It seems like every week some new controversy happens at ESPN.  Whether it’s another Bill Simmons feud, popular comedians accusing the network of stealing their work or one of their paid carnival barkers saying something regretful, it’s been a particularly stressful time for the network’s public relations department.  The week of November 17th is no exception.

Once again, Stephen A. Smith has opened his prodigious wordhole and spewed more rubbish that is continually enabled by the ESPN power structure.

This time, Smith’s target was Philadelphia 76ers guard Michael Carter-Williams.  MCW referenced Smith in a column on Derek Jeter’s Players’ Tribune website in a column entitled “Don’t Talk to Me About Tanking.”  He said that Smith came to cover the Sixers when they were set to break the all-time record for longest losing streak last season in a game against the Pistons.  When the Sixers won that night, Carter-Williams said Smith and other media members left.  He also wrote that Smith plays a character on television and intimated that the 76ers are using the media’s presence that night as motivation.

All fairly reasonable, harmless stuff… right?  Not in the world of Stephen A. Smith.

The Big Lead captured the quote from Smith on Sirius Radio where he responded to Carter-Williams and issued this very vague and ominous threat:

“They’re gonna learn something quick, fast, in a hurry if they don’t learn it already. You’ve never going to have the last word over us. And you damn sure ain’t going to have the last word over me. I’m not going to start problems, but I can damn sure finish them. If these guys want to come at me, let them do it at their own peril.
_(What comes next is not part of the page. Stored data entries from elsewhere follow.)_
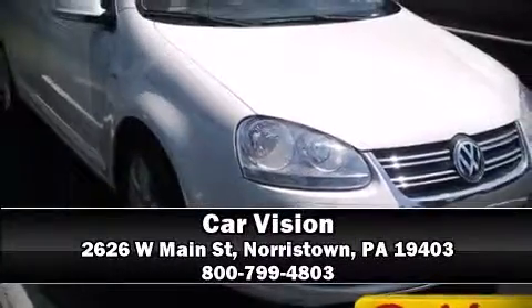We'd love to show you this vehicle in person. Call to schedule a test drive today.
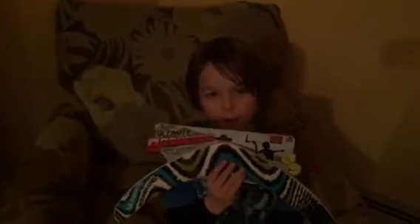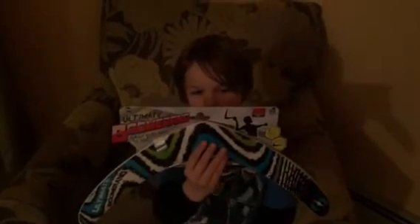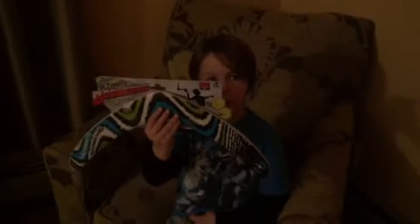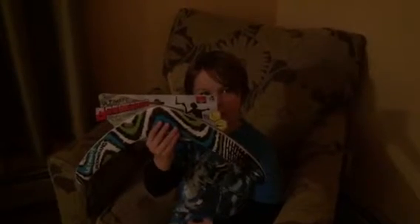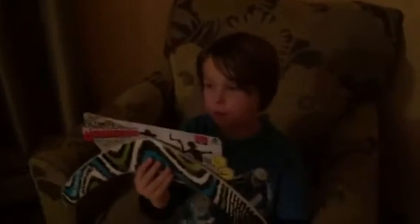Today we have the ultimate boomerang — check out those cool colors on it. I just got it today at Walmart and we're ready to unbox this thing and see how it works outside. This is definitely coming back to me; this is a real boomerang and we're going to test this out.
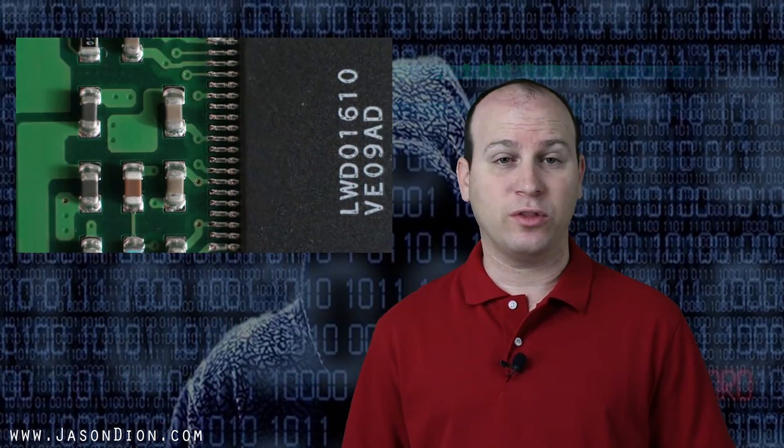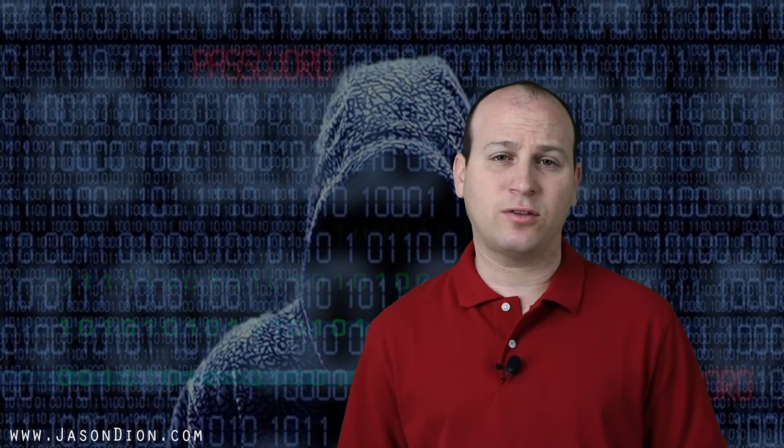Does that mean you simply look at the specs, figure out how many cores and what speed they are, and say this is a quad-core 2.8 gigahertz Intel i7 processor, so therefore it's faster? Well, that may be faster, but it's not necessarily best.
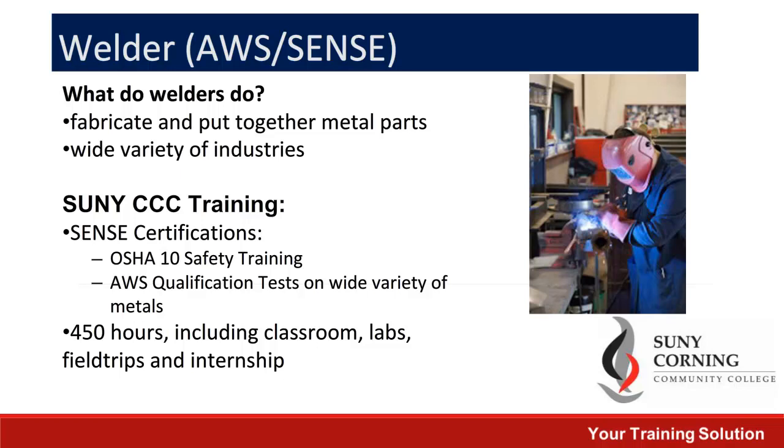Up next is our popular welding program. This program was designed to meet employer needs for entry-level welders as well as the American Welding Society's certification requirements. This program also includes your OSHA 10 safety training and is a combination of 450 classroom and lab hours as well as an unpaid internship.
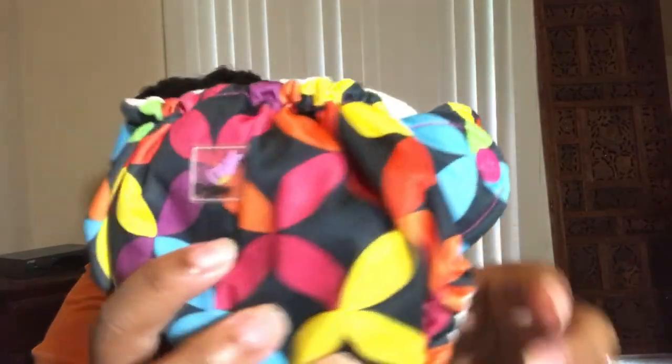Here is another diaper. This one is Little Joey — there's the little label right there. This is also newborn and all-in-one. Even though it's used, it is very very white on the inside — it looks like it was barely ever used. Everything is completely sewn in and it has kind of a double gusset. This diaper seems very sturdy.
It will be a mistake.”

Smith also tweeted this a few days ago:

This sure looks like an ESPN personality threatening harm upon an NBA player’s career like he thinks he’s Tony Soprano.  It’s incomprehensible to think that any legitimate media member would be justified in abandoning their journalistic responsibility and publicly threatening retaliation against a professional athlete.  With Smith, it seems par for the course.  Maybe Smith will defend it by saying he was “provoked.”

In all seriousness, this is everything wrong with “Embrace Debate” and the decline of journalistic integrity at ESPN and beyond.  By building up Smith and Bayless and the toxic environment created by round-the-clock debate, ESPN has made the analysts more important than the athletes themselves.  It was only a matter of time before Bayless and/or Smith moved from baiting athletes to threatening them.

ESPN should be ashamed of this kind of commentary, but then again this is far from the first time that Smith has stained the network’s brand.  Maybe we should just accept the reality that ESPN fully endorses and supports this kind of behavior because it keeps happening time and time again.